- Born: Abimbola Oshin 24 July 1971 (age 54) Ondo State, Nigeria
- Citizenship: Nigeria
- Education: Philosophy, University of Lagos
- Alma mater: University of Lagos
- Occupation: Actress
- Years active: 1996-present
- Notable work: Omo Elemosho

= Bimbo Oshin =

Nigerian actress (born 1971)

Abimbola Oshin (born 24 July 1971) is an actress, writer, producer and businesswoman from Nigeria.

==Early life and education==
Oshin was born on 24 July 1971 in Ondo State, southwestern Nigeria. She is one of Pa Olasanmi Theophilus Oshin's eight children, the second to last. Oshin attended the University of Lagos where she obtained a Bachelor of Arts (B.A.) degree in Philosophy. Oshin commenced her acting career in 1996 but rose to recognition after starring in a 2012 Yoruba film titled Omo Elemosho.
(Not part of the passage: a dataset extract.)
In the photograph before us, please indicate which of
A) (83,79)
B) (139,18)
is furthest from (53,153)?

Oshin grew up in Ondo State where she attended her primary school education at Saint Anne's Primary School. Later, she went to Staff Primary School in Ile Ifẹ, Osun State. For her secondary education, she attended Girls Academy, Sandgrouse in Lagos State. Oshin then went for higher education at the University of Lagos, where she earned a Bachelor of Arts (B.A) degree in Philosophy.

==Career==

Oshin's love for acting began at a tender age. She had been doing some minor drama in the house with her elder sibling in which they recorded their pseudo videos. But her career in acting started initially during her undergraduate days at the University of Lagos. Her friend's sister introduced her to a group called Ara Osan. She told her she had joined, and she should follow her too.
Oshin agreed, joined the group (Ara Osan) in 1996 and started going for rehearsals. Ara Osan theatre group is a group owned by Rasaq Ajao and she spent four years under her boss. Although she started a movie career with English soap operas, she is also in the Yoruba movie industry and is doing well. The first movie that was released which made her popular was titled Akobi in 1997.

==Selected filmography==
- Eji Owuro (2003)
- Civil War (2003)
- Omo Oku Oron (2004) as Salewa
- Ota (2007)
- Igi ola mi (2008) as Laide
- Omo Elemosho (2012) as Biola
- Kakanfo (2020) as Yeye
- The New Patriots (2020) as Princess Gladys Olubo
- May 29 (film) as Mummy Mayowa
- Abebi (2021) as Bolade
- Alimi (2021) as Ronke
- Strangers (2022) as Toyin
- A Bag of Trouble (2023)

==Award and recognitions==
In 2016, she was honoured with an Icon Category Award at the 2016 Afro-Heritage Broadcasting and Entertainment and Awards.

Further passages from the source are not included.